The listing below should be written out word for word, with its pictures removed.

─── Provided data ───

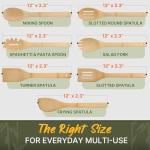 Wooden Utensil Set, Bamboo Utensils – 7 PCs Wood Spoons for Cooking, Easy to Clean, Sturdy, Lightweight & Heat Resistant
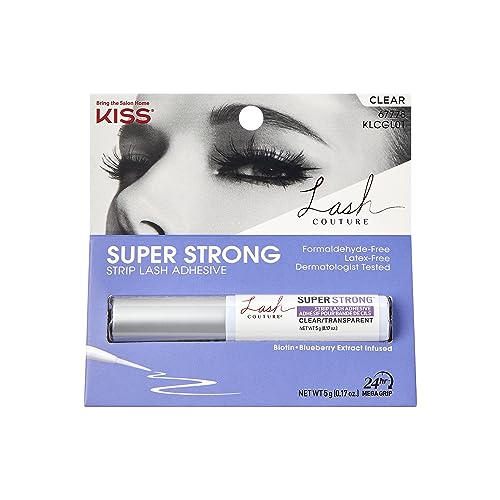 KISS Lash Couture Black Strip Lash Adhesive with Biotin & Blueberry Extract, Latex-Free, Dermatologist Tested, Contact Lens Friendly, Strong Hold, Gentle Formula, with Brush Tip Applicator, 0.17 Oz.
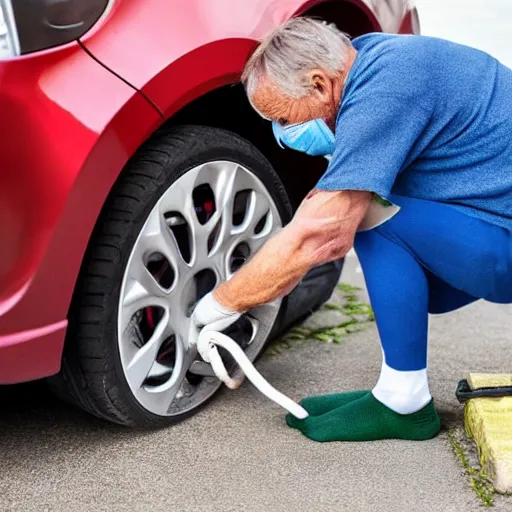 Prompt: 6 0 year old man wearing face mask and socks on his hand, changing the tire of a kia picanto, afternoon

───

--- Solution to this problem ---
 Wooden Utensil Set, Bamboo Utensils – 7 PCs Wood Spoons for Cooking, Easy to Clean, Sturdy, Lightweight & Heat Resistant
 KISS Lash Couture Black Strip Lash Adhesive with Biotin & Blueberry Extract, Latex-Free, Dermatologist Tested, Contact Lens Friendly, Strong Hold, Gentle Formula, with Brush Tip Applicator, 0.17 Oz.
 Prompt: 6 0 year old man wearing face mask and socks on his hand, changing the tire of a kia picanto, afternoon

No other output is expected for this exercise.